THE latest inductee to the West Cork Sports Star Hall of Fame, Kevin Jer O’Sullivan, is urging for a return to the basics in order to begin the resurgence of the Cork senior football team. 

The attacking half back and winner of Munster, Railway Cup and All-Ireland medals reckons that the game is being coached out of a lot of the players.  

Emotional during his acceptance of the Hall of Fame award, the All-Star winning defender was somewhat more relaxed in the Celtic Ross Hotel foyer as he outlined the shortcomings within Cork GAA and offered hope, albeit, if not in the near future. 

‘Firstly, there are too many senior teams. Not just because it was in my time, but we had six junior teams in Beara – now we have two – those matches were at a much higher level than many of the current senior games are now,’ Adrigole great Kevin Jer said.

‘We have to come up with a plan that all these senior teams that are not fit to be senior should he playing in a division, let it be at junior or intermediate, they will have a better future there.’

‘I speak to Mick O’Connell quite a lot and recently he told me that if Cork and Kerry were playing in the field in front of his house he wouldn’t go to see it due to the amount of hand passing.’ 

Whatever the views on the hand pass Kevin Jer espoused, ‘There should be no such thing as passing the ball back.’

So where has it gone wrong? 

‘More players should be able to express themselves in their own training and I think that fitness and training is totally overdone. They are only amateur players and it’s an impossibility for any player to play the game today and have a job,’ he said.

The immediate future according to Kevin Jer doesn’t offer confidence. 

‘On what I saw last year and the previous year, I am a bit disillusioned in the way we approach it, the way in how the players put a Cork jersey on and not go out and play their heart out.

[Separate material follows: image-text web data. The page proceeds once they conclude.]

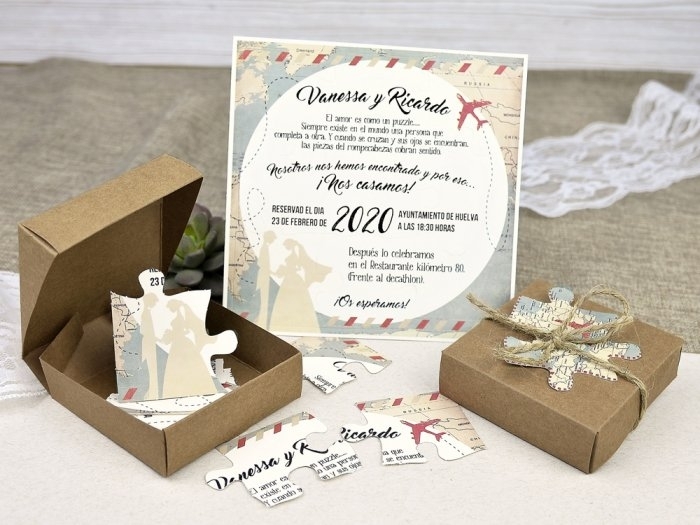 Invitación de boda - PUZZLE VIAJERO (C39639C) Invitación de boda - PUZZLE VIAJERO (C39639C)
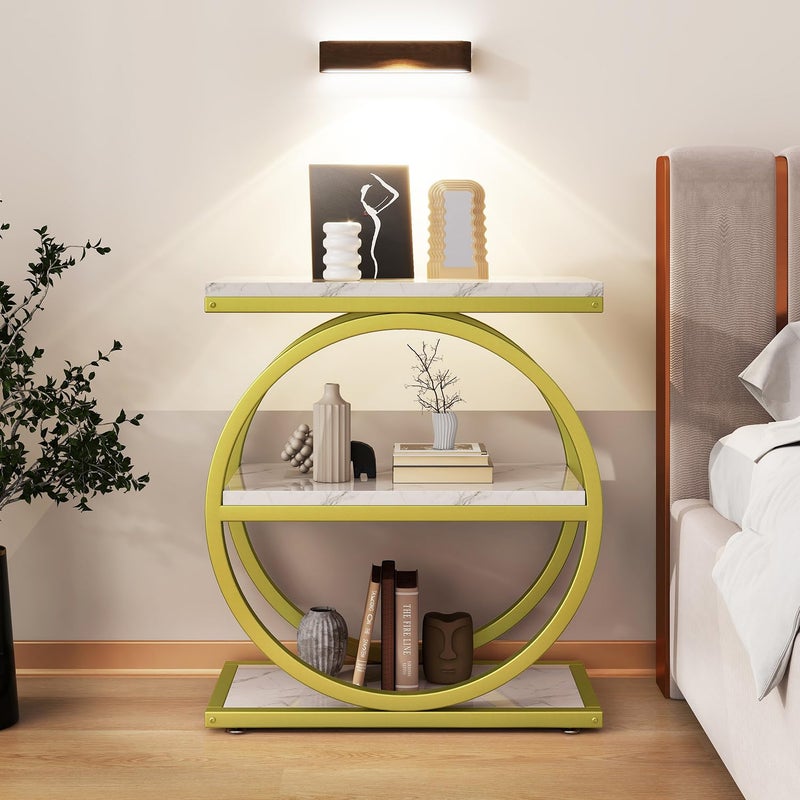 IBUYKE Narrow End Table with 3 Storage Shelves, Industrial Sofa Side Table, Double Round Metal Frames, Slim Nightstand and Bedside Table for Bedroom, Living Room, White with Gold UTMJ418G - Image 2
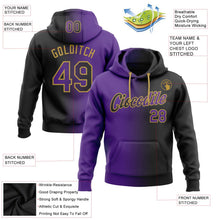 Laden Sie das Bild in den Galerie-Viewer, Uksn Individuelles Bestickt Schwarz Violett-Altgold Farbverlauf Mode Sport Pullover Sweatshirt Hoodie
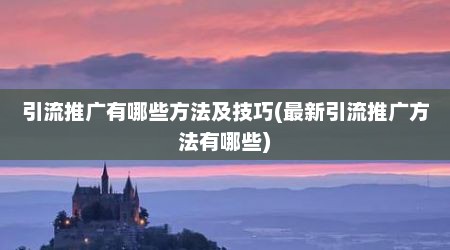 引流推广有哪些方法及技巧(最新引流推广方法有哪些)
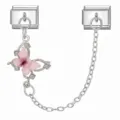 Pink Gradient Butterfly Rhinestone Style
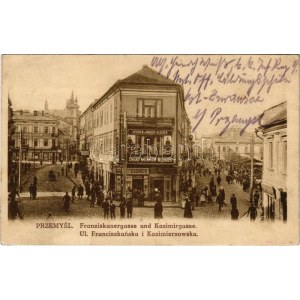 1915 Przemysl, Ul. Franciszkanska i Kazimierzowska, Sklad ubiorow meskich / streets, Eisner...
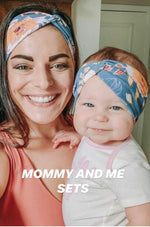Load image into Gallery viewer, Floral turban headband,  Mother&#39;s Day gift, baby headband, turban for baby, exercise headband, blue headband, yoga headband,mommy and me set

We have players that go out and after 20 minutes they are ready to throw in the towel. In my day, you died on the field. You didn’t have the same training methods but we had heart,’ he said.

Not afraid to express his opinion, Kevin Jer went on, ‘I think the day has come – and I hope I am wrong – that putting on a Cork jersey is no longer the same thing it was back in our day. If you put a Cork jersey on, you wore it with pride.’ 

In trying to find hope, he opined, ‘Everybody tells me there is talent there. The breakdown, as I see it, comes when players leave U16.  They go to minor and are coached in a different way, that is where I see the mistakes.  

‘I just hope that they will come to terms with that, if they don’t football is in a dire straight. If you have the basics right, you won’t go far wrong but the basics are not right in Cork football.’